Things You Should Do and Trips For : Fussen, Neuschwanstein

Not too long ago we spent one of the most incredible weekends away in the little town of Fussen Germany. You can read about everything that we did while we were there HERE. The entire weekend was like a dream come true and I can’t wait to share some of the things that we loved and would recommend…which is, well, everything. I say that jokingly, but seriously this entire trip should definitely go on a travel bucket list. This will be a shorter tips post as there isn’t as much to do/we didn’t do as much on this trip.

Recommendations:

We shall start with the obvious, the Castles.

I would recommend reserving a pass for both Castle’s at the very least.You can pre reserve tickets online, however you do have to pick them up an hour before your time. Since you are already there you might as well see both and I think it is well worth the price. As I said in my first post there are no true replica’s, everything is original to the castle. If you can really only afford to see one, Hohenschwangau is the most “step” friendly (Neushwanstein has approximately 130 steps up and 130 steps down) and has the most finished rooms. The tour gives you a good insight into the royal family and the castle and grounds. Neuschwanstein is incredible inside, but only has a few finished sections to look through and I found the exterior to be quite incredible and accessible by foot. I should note and say that my husband would disagree and choose to do Neushwanstein over Hohenschwangau.

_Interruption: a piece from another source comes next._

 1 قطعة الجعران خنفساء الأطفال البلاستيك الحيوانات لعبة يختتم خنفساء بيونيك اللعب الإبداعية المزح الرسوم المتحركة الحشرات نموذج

Marienbrucke Bridge.This is a MUST go when you visit the castles. You are going to get one of the best views of the entire castle and such a wonderful experience out of this bridge. The path up to the bridge is littered with some picture perfect spots and you can cross to the other side of the bridge and see a couple of the other viewing spots. The bridge itself gets packed very quickly so be orderly about viewing/pictures and moving along for others to do the same.

Make a Full Day out of It.There is so much beauty in this area that you could easily pack a lunch/snacks or eat at any of the restaurants/food stands and make a full day out of it.

I’ll briefly touch onFussen:

I would first off recommend staying in town(or as close to in town as you can) and using AirBnB to book your room. Not only are the rates slightly different or better than the hotels, but you can get a true experience of the city and people when you book through AirBnB as opposed to a hotel. They have a wide variety of spots right outside of town (such as where we stayed: Mein Lieber Schwan Fussen/Allgau) and they are absolutely perfect.

I would also recommend going to Kalvarienburg. This was the hike that we did and while it does have a religious aspect to it, you do not have to participate in that if you choose not to. It is truly a beautiful hike, right in nature, with a stunning overlook at the end. This is a must do and I feel like it is a relatively easy hike for those who may not be used to hiking.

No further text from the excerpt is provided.